Robison stands by comments on pass rush

EDEN PRAIRIE, Minn. -- The day after he criticized the Minnesota Vikings' defensive strategy on the final drive of a 27-23 loss to the Dallas Cowboys, defensive end Brian Robison stood by his comments, saying "I don't think I said anything out of line" when he vented about the team's decision to pull back its pass rush on the Cowboys' 90-yard march. Both Robison and defensive tackle Kevin Williams were critical of the approach on Sunday, and coach Leslie Frazier didn't exactly admonish either player for speaking his mind on Monday.

"You know, I respect their opinions and I know how competitive they are and how much they want to win," Frazier said Monday. "I like for them to talk to their coaches myself about whatever concerns they may have and try to get those worked out. But I do understand their frustration and I respect their opinions."
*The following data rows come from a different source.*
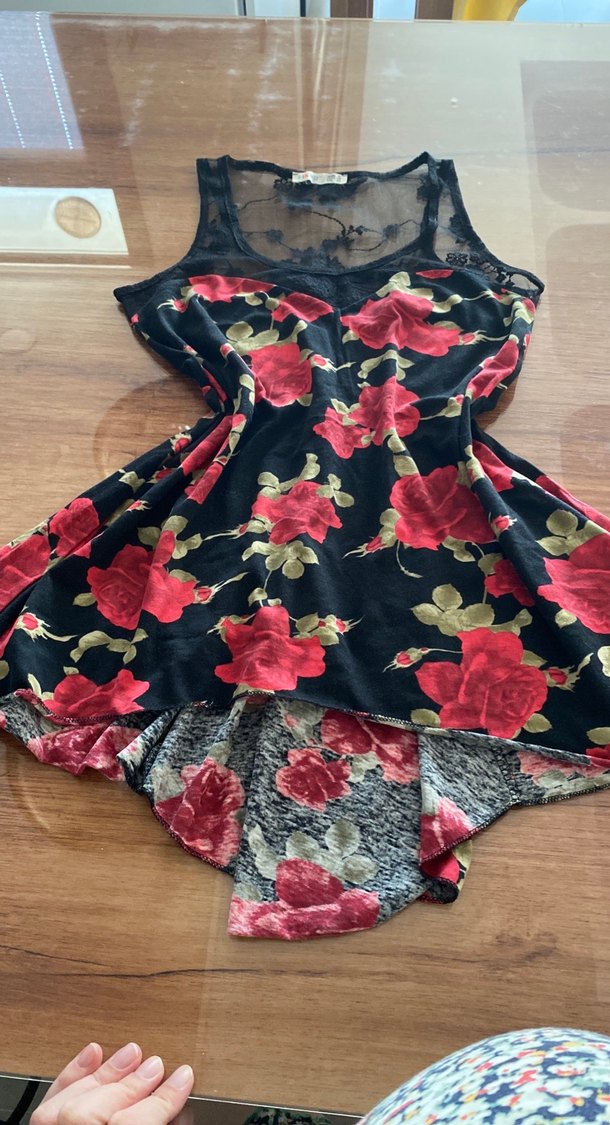 Dantelli vintage Y2k coquette bluz - Görsel 2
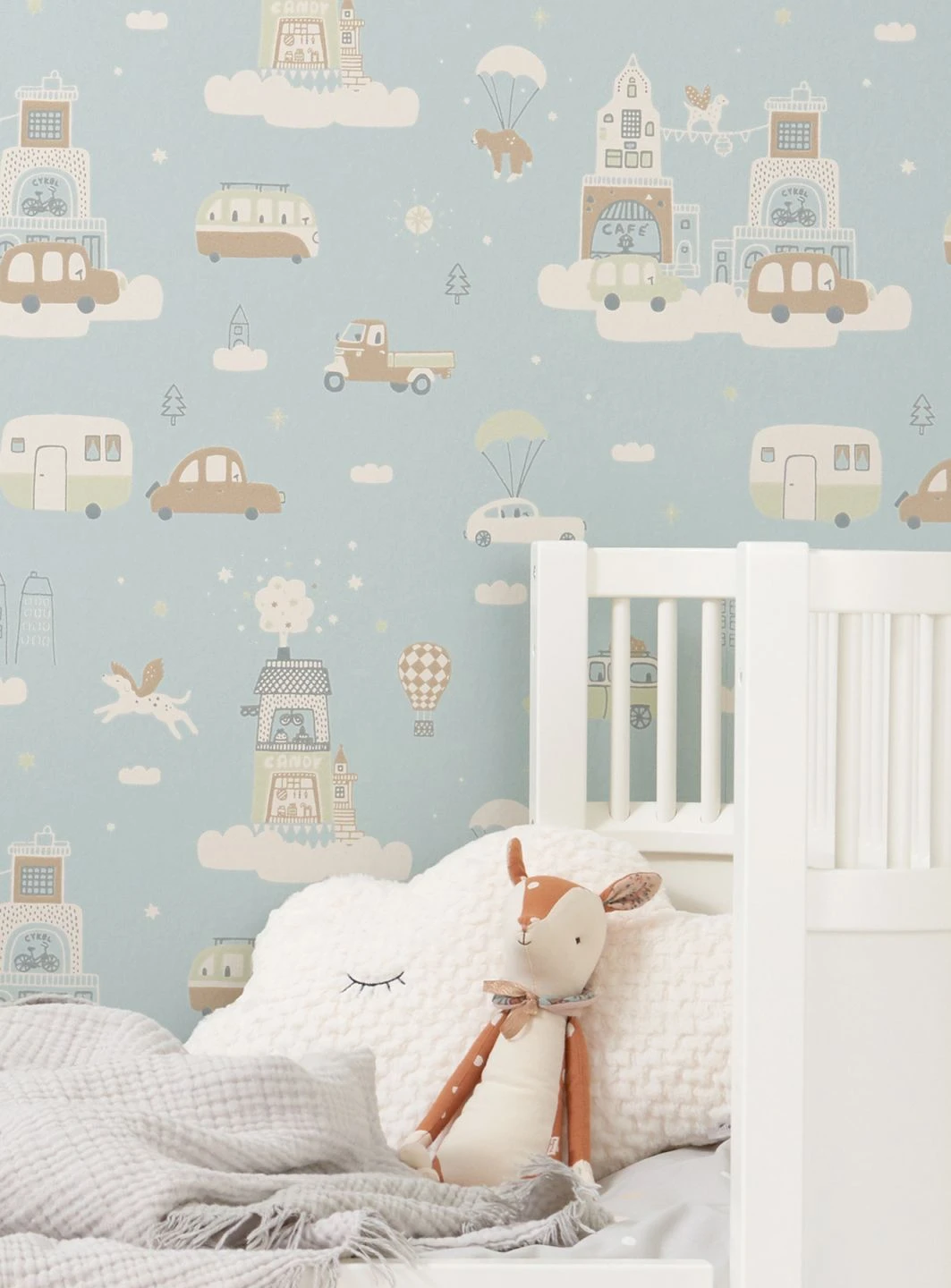 Tapete Above The Clouds Hellblau – Bild 4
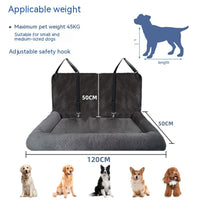 HKM-903827 Removable and Washable Gray Car Pet Pad Kennel with High-Density Sponge Filler (120CM x 50CM x 50CM)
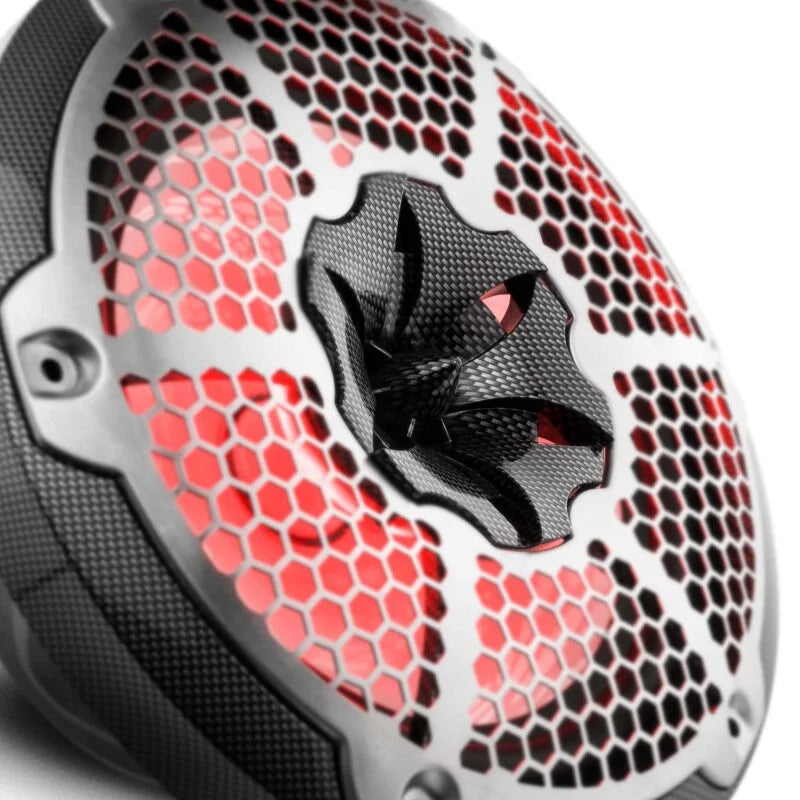 DS18 NXL-M Series Speaker w/ RGB LED Lights 10in 2-Way 200 Watts RMS 4 ohm Black Carbon Fiber - Additional View 5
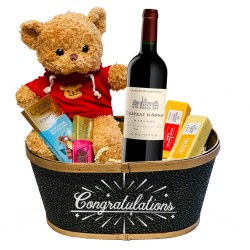 Château d’Arsac Margaux Congratulations Wine Gift Basket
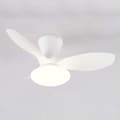 Moderne 80 cm LED takvifte med lys, fjernkontroll, smart dimbar lavprofilvifte for innfelt montering White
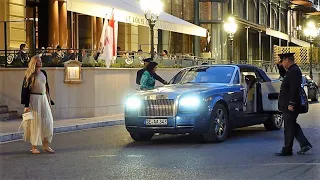 MILLIONARE ARRIVING MONTE CARLO NIGHTLIFE CARSPOTTING MONACO 2023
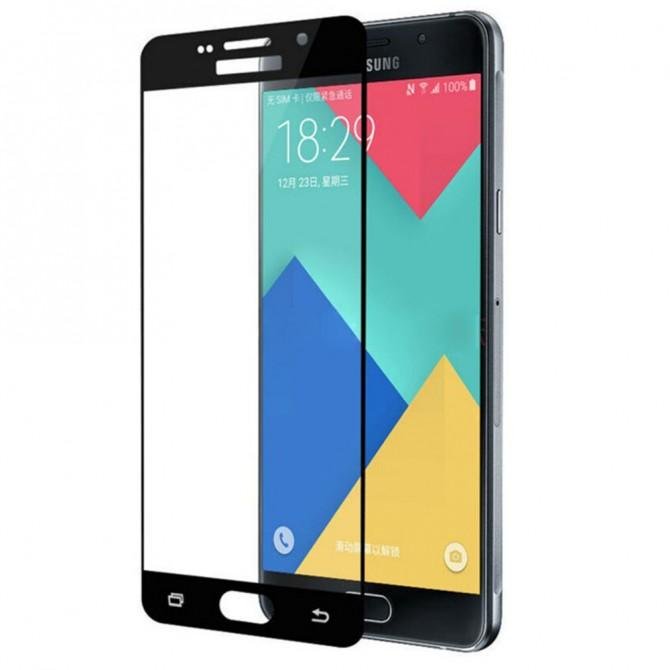 Защитное стекло для SAMSUNG A510 Galaxy A5 (2016) (0.3 мм, 2.5D, с чёрным Silk Screen покрытием)-2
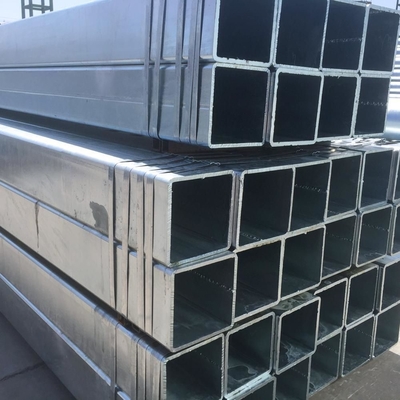 ERW Galvanized Square Rectangular Hollow Section Pipe Carbon Welded Steel Pipe Rectangular Tube for Plastic Pipe Cap End Protector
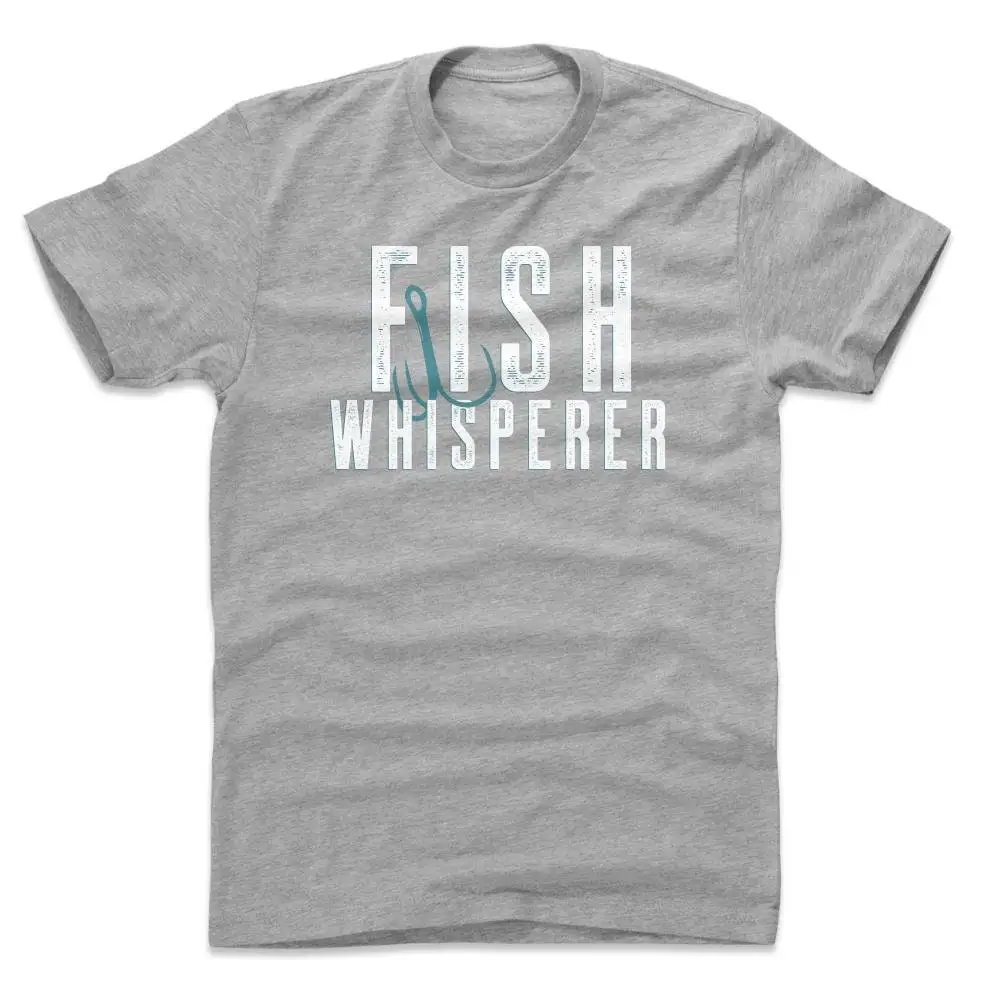 

Funny Fishing Men's Cotton T Shirt Expert Outdoors Fish Whisperer WHT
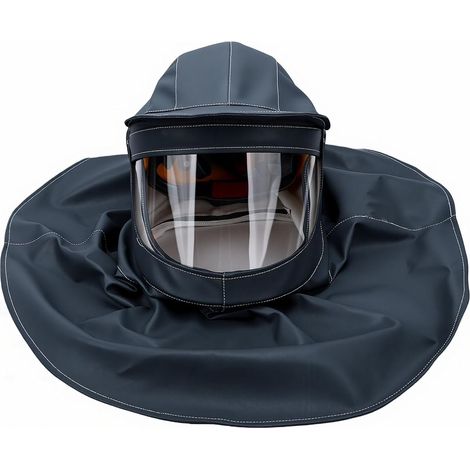Sandblasting hood, protective equipment, resistant to (1/5)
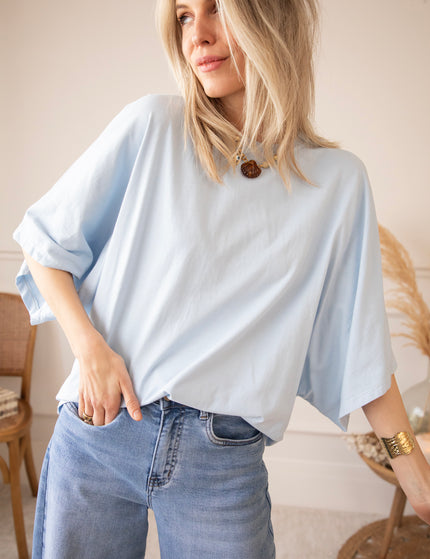 Butterfly Base Sky Blue - T-Shirt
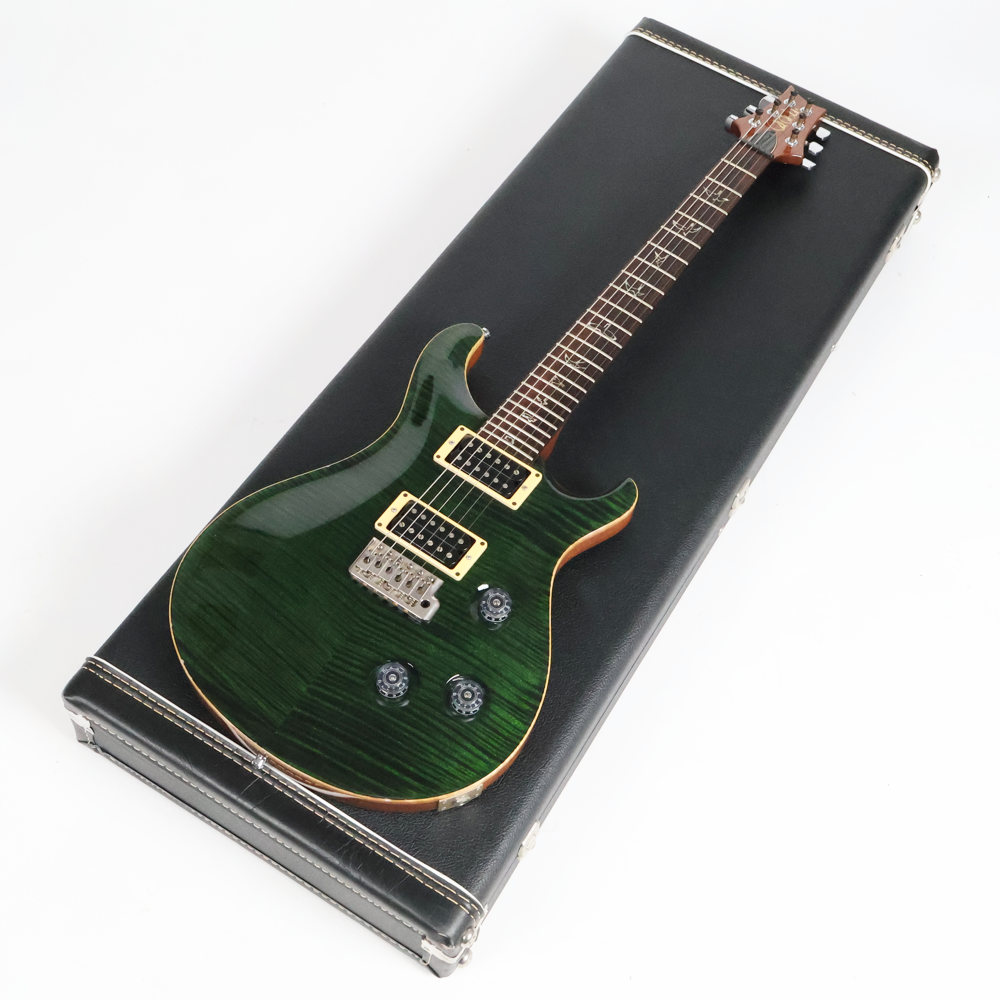 【中古】 エレキギター PRS Custom 24 10Top Ever Green 5way Rotary Sw. 2011年製 ポールリードスミス カスタム24 Paul Reed Smith HFS Vintage Bassピックアップ搭載 エバーグリーン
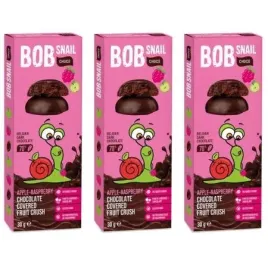 bob-snail-przekaska-jablkowo-malinowa-w-ciemnej-czekoladzie-zestaw-3-x-30-g
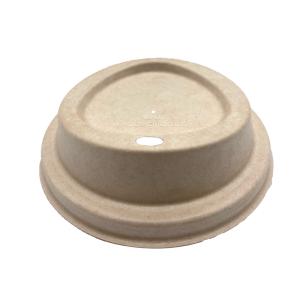 Wholesale Disposable Sugarcane Cup Lids, White Or Natural, For 8oz 12oz Soft Drink Coffee from china suppliers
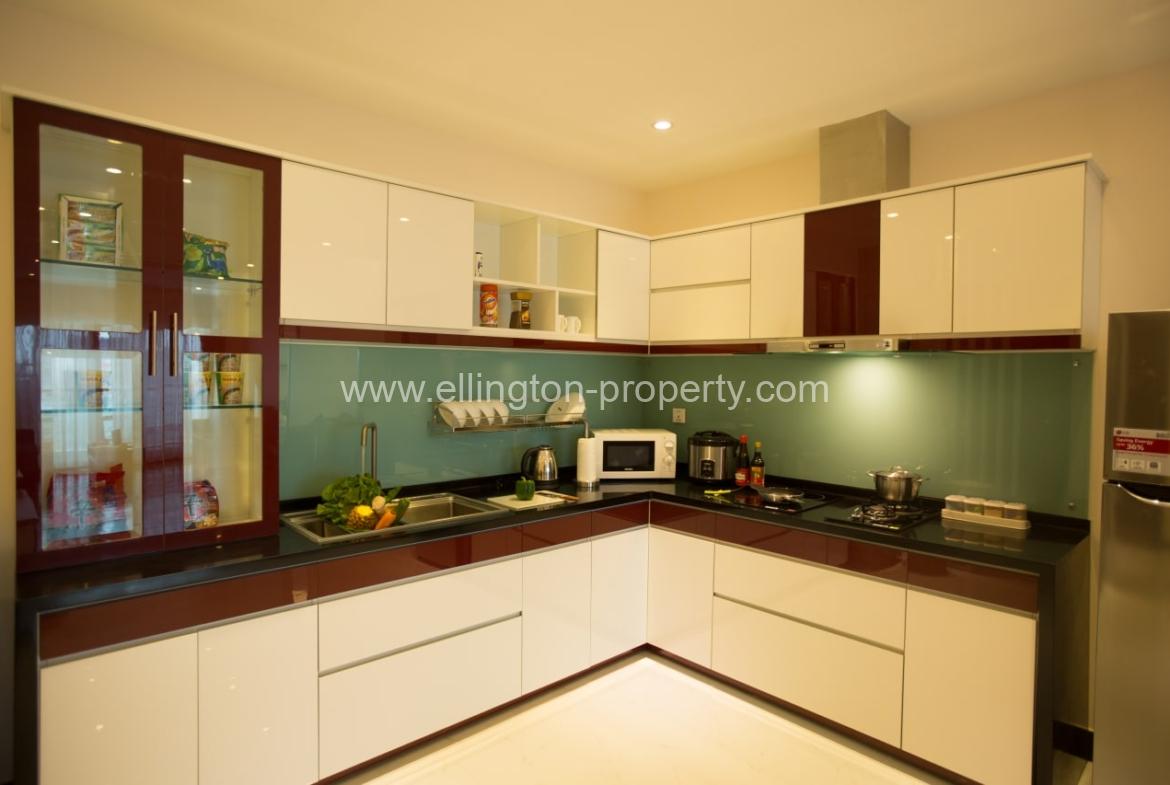 2 Bedrooms Service Apartment For Rent In Bkk1 - Ellington Property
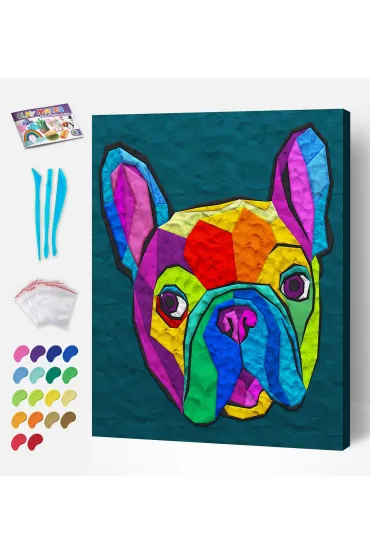 Panta Plast Zestaw do wyklejania plastelin� - Buldog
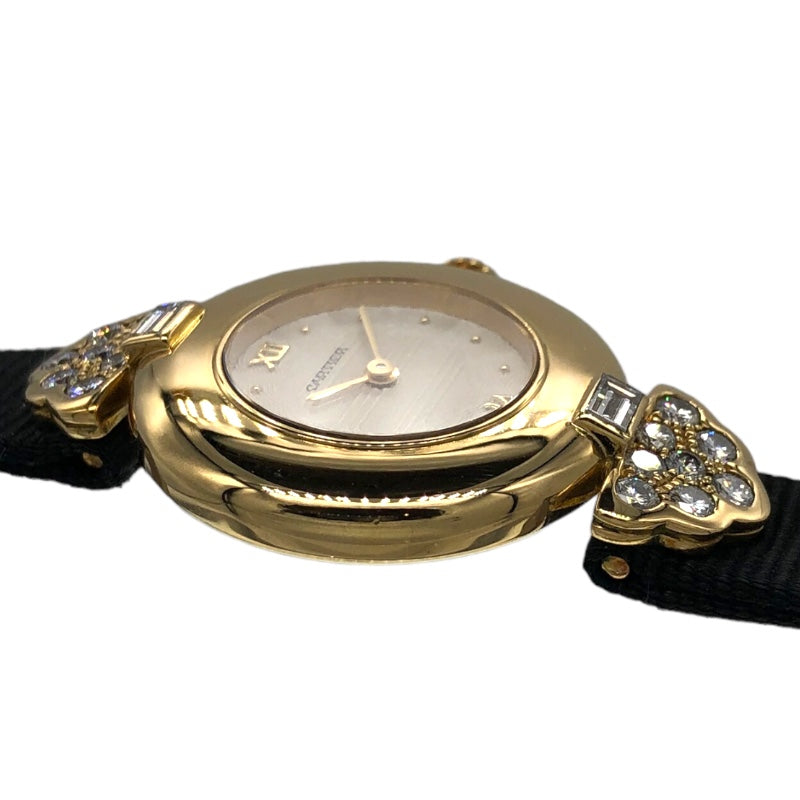 カルティエ Cartier コリゼナティヴァ WB107631 シルバー K18YG レディース 腕時計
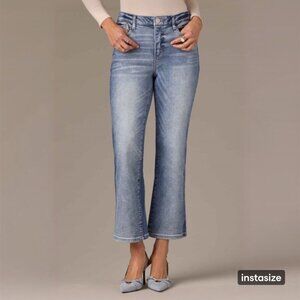 Wit & Wisdom Bennett Barely Bootcut High Waist Slimming Jeans Size 8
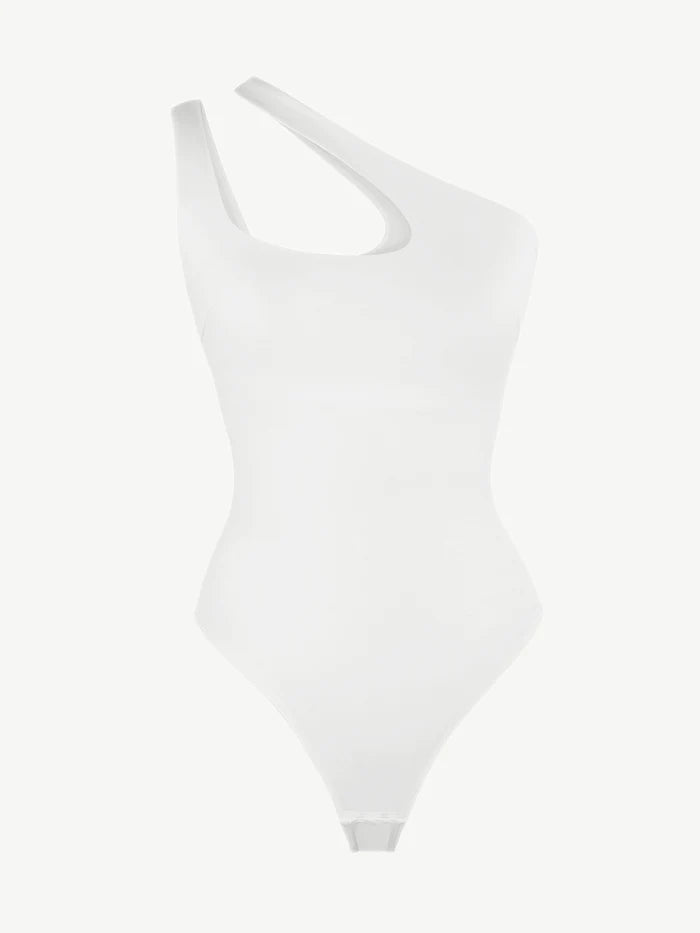 N.B.A. Slimming One-Shoulder Bodysuit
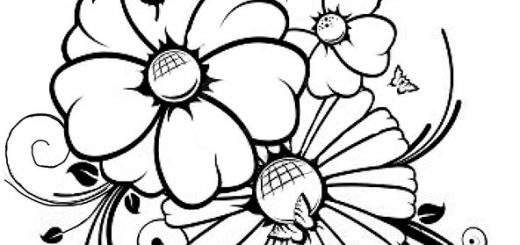 ausmalbilder blumen 11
Both Robison and Williams were upset with the Vikings' decision to rush Cowboys quarterback Tony Romo with just three defenders after the Vikings had sacked him three times and pressured him on 36 percent of his dropbacks before the final drive, according to ESPN Stats & Information. Romo went 7-of-9 for 90 yards and a score on the final drive, completing six of his seven passes for 56 yards when he faced four or fewer pass-rushers. It's worth noting, though, that the Vikings rushed five defenders on the biggest play of the drive -- Romo's 32-yard completion to Dez Bryant -- though the receiver got free after safety Andrew Sendejo tried to jump Bryant's route and safety Mistral Raymond missed a tackle.

"That one we could have done something a little bit different," Frazier said. "We called a pressure. They blocked the pressure. They had some tells from an offensive standpoint that could have helped us there. That’s the one play that we might have done something a little different.”

All told, the Vikings dropped a defensive tackle into coverage on four of the final nine plays, which was more often than they brought any other kind of rush on the final drive. They rushed four linemen three times -- including on the game-winning touchdown -- and brought extra pressure twice, sending six defenders on Romo's incompletion to Terrance Williams and five on the completion to Bryant.

They only pressured Romo once on the drive, nearly reaching him with their six-man pressure. That fact might have helped Frazier make his point when he met with players on Monday afternoon that the call is only half of the equation.

"[It's] just being able to point out some of the things why it has to be reciprocal," Frazier said. "Not only what [offensive coordinator] Bill [Musgrave] or [defensive coordinator] Alan [Williams] calls but also our execution and making sure that we’re in sync with how to get that done. I think some of the things we’ll go through this afternoon will help us if we’re in those situations again to be much better."